The United State’s Equal Employment Opportunity Commission (EEOC) requires covered employers to report detailed demographic and compensation data on their employees — including employees’ gender identity, on form EEO-1.
The EEOC is now of the opinion that employee self-identification is the preferred method of collecting this essential demographic information. However, employers can use existing employment records or their observation and discretion to make this call if an employee declines to share their gender identity.
Traditionally, it was a case of identifying as male or female, but times are changing. Today, it is becoming more common for there to be the inclusion of gender-neutral markers on documents. At the government level, some states and localities have even enacted laws that require state agencies to issue drivers’ licenses, state identification cards and birth certificates to have them for gender identity purposes.
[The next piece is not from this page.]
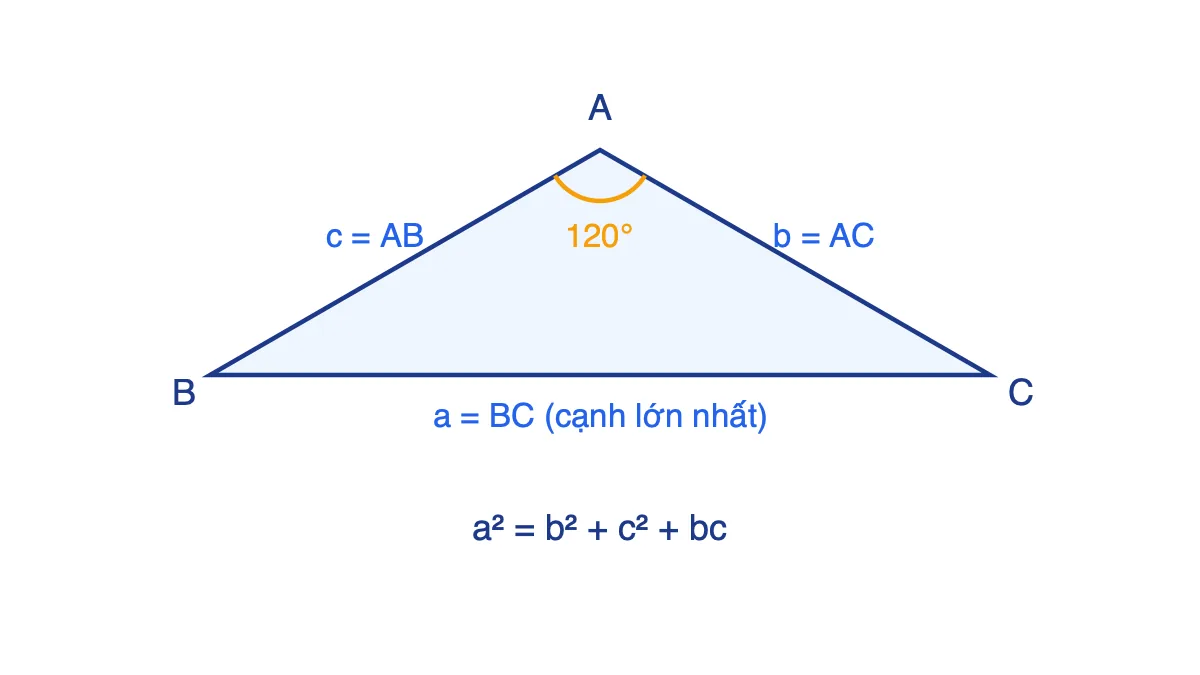 Tam giác ABC có góc A bằng 120 độ, các cạnh a, b, c và hệ thức a bình phương bằng b bình phương cộng c bình phương cộng bc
This has led to ambiguity and complications regarding reporting employees who identify as gender-neutral to the federal government on form EEO-1. To ensure accurate gender identity reporting, employers can report employee counts and labor hours for gender-neutral employees by job category, pay band and racial group in the comment box on the Certification Page. However, they must remember not to forget to tag this as “Additional Employee Data.”
Consistency is key, as it could be identified as sex-based harassment if not handled correctly. Provide only the information that the agency has requested and use the instructions provided by the EEOC as a guide.